> [GIVEN DATA]
..............................
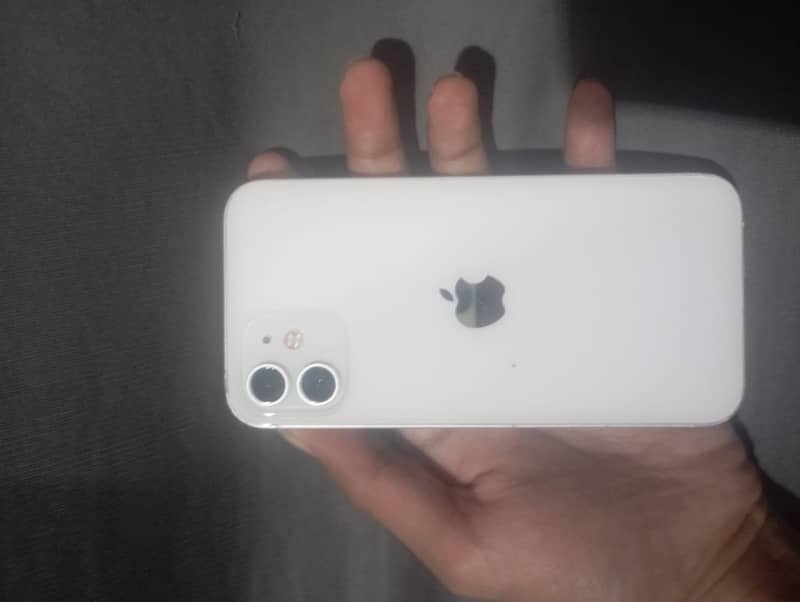 Apple iPhone 12 5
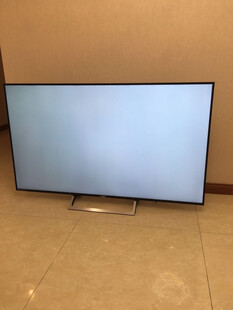 索尼(SONY)KD-65X8566E 65英寸4K HDR腾讯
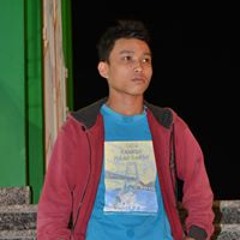 Ardi Berlian Nasrullah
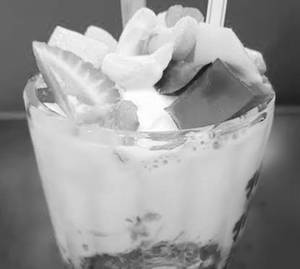 Fruit Falooda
..............................
Output the data above verbatim, pictures excluded.

 Apple iPhone 12 5
 索尼(SONY)KD-65X8566E 65英寸4K HDR腾讯
 Ardi Berlian Nasrullah
 Fruit Falooda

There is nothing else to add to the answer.